Short descriptive text snippets:

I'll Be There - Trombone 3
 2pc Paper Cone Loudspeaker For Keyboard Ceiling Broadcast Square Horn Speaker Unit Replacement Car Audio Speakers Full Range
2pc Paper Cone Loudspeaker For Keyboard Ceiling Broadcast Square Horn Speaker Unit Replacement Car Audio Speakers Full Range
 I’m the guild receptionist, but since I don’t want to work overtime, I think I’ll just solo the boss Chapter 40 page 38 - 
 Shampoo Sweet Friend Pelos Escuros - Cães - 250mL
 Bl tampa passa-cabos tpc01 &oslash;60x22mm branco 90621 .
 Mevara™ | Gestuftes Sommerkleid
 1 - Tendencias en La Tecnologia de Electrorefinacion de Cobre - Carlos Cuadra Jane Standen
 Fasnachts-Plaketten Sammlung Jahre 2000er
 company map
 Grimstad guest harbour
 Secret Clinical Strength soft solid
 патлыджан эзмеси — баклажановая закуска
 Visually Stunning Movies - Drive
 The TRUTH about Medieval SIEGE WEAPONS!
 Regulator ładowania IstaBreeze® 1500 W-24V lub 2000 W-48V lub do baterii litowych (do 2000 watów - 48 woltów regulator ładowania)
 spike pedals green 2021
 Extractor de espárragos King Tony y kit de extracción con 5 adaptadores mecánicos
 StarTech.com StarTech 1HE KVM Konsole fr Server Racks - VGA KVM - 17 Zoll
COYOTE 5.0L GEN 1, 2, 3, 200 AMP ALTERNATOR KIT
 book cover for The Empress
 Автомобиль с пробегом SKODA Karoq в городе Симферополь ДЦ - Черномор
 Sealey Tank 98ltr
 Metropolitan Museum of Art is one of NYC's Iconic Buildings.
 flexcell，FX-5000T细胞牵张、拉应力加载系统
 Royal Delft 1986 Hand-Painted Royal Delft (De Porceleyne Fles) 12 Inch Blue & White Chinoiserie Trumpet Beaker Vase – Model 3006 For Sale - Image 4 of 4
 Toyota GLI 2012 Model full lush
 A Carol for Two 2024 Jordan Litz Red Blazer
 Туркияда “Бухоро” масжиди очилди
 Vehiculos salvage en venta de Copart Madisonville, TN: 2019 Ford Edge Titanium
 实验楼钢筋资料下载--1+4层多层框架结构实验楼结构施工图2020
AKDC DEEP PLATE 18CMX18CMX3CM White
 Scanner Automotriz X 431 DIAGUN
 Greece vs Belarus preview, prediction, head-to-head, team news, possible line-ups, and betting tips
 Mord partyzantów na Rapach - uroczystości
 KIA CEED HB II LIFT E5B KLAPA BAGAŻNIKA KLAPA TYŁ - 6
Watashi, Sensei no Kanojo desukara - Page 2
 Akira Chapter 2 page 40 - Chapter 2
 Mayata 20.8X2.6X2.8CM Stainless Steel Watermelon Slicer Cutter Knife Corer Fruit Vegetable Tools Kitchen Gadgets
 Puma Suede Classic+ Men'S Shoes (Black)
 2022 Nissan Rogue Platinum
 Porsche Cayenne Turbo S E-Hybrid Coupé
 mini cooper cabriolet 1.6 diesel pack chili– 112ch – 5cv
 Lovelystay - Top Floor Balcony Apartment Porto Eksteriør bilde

__Task item__
Begin with the first line of the records and reproduce each line as is, ending with the line that holds "Metropolitan Museum of".

__Written response__
I'll Be There - Trombone 3
 2pc Paper Cone Loudspeaker For Keyboard Ceiling Broadcast Square Horn Speaker Unit Replacement Car Audio Speakers Full Range
2pc Paper Cone Loudspeaker For Keyboard Ceiling Broadcast Square Horn Speaker Unit Replacement Car Audio Speakers Full Range
 I’m the guild receptionist, but since I don’t want to work overtime, I think I’ll just solo the boss Chapter 40 page 38 - 
 Shampoo Sweet Friend Pelos Escuros - Cães - 250mL
 Bl tampa passa-cabos tpc01 &oslash;60x22mm branco 90621 .
 Mevara™ | Gestuftes Sommerkleid
 1 - Tendencias en La Tecnologia de Electrorefinacion de Cobre - Carlos Cuadra Jane Standen
 Fasnachts-Plaketten Sammlung Jahre 2000er
 company map
 Grimstad guest harbour
 Secret Clinical Strength soft solid
 патлыджан эзмеси — баклажановая закуска
 Visually Stunning Movies - Drive
 The TRUTH about Medieval SIEGE WEAPONS!
 Regulator ładowania IstaBreeze® 1500 W-24V lub 2000 W-48V lub do baterii litowych (do 2000 watów - 48 woltów regulator ładowania)
 spike pedals green 2021
 Extractor de espárragos King Tony y kit de extracción con 5 adaptadores mecánicos
 StarTech.com StarTech 1HE KVM Konsole fr Server Racks - VGA KVM - 17 Zoll
COYOTE 5.0L GEN 1, 2, 3, 200 AMP ALTERNATOR KIT
 book cover for The Empress
 Автомобиль с пробегом SKODA Karoq в городе Симферополь ДЦ - Черномор
 Sealey Tank 98ltr
 Metropolitan Museum of Art is one of NYC's Iconic Buildings.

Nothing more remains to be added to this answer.